In summary, an IPO (depending on the stock) can be a great but highly volatile short-term investment. It can also be a strong long-term holding if the company’s fundamentals and earning potential prove to be strong. But you’re unlikely to join the company founders as the next millionaire or billionaire.
What is the account funding process for IPOs?
Canadian investors will need to ensure they have a self-directed account open and that their brokerage will allow the trading of new IPOs and meet any minimum purchase requirement. Once listed, a new IPO will trade just like any other stock on the market and investors can buy/sell shares at its market price.
Can anybody invest in an initial public offering?
U.S. listed IPOs are likely not available for Canadian investors to invest in directly in the pre-IPO phase, but once the IPO has officially gone public then any self-directed investor can purchase shares through their discount brokerage account.
Do IPOs usually go down?
While many IPOs do historically “pop” on their first day of trading, IPOs are just like any other stock and their share price can rise or fall depending on market expectations.

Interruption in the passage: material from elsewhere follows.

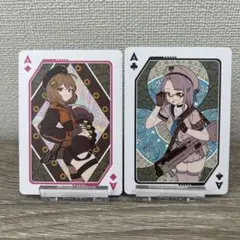 勝利の女神NIKKE トランプ メガニケ アニス ネオン セット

If the IPO is priced too high when the stock goes public, early investors will look to unload their shares and the stock price may fall.
Investing in an IPO can be exciting and potentially quite profitable. It’s enjoyable to invest in a company that you’ve been following as a customer or a casual fan.
IPOs do tend to “pop” on opening day, but typically it’s company insiders and institutional investors who benefit the most from the initial price of the IPO.
However, everyday investors can invest in IPOs using a discount brokerage. Questrade allows clients to invest early in Canadian equity IPOs, and trade U.S. IPOs on opening day. Wealthsimple Trade doesn’t allow for direct (early) participation in a company’s IPO, but clients can trade most Canadian and U.S. IPOs on opening day.
Beware of highly volatile price movements on IPO stocks, especially on the first day of trading. Only invest money that you can afford to lose – generally no more than 5% of your portfolio.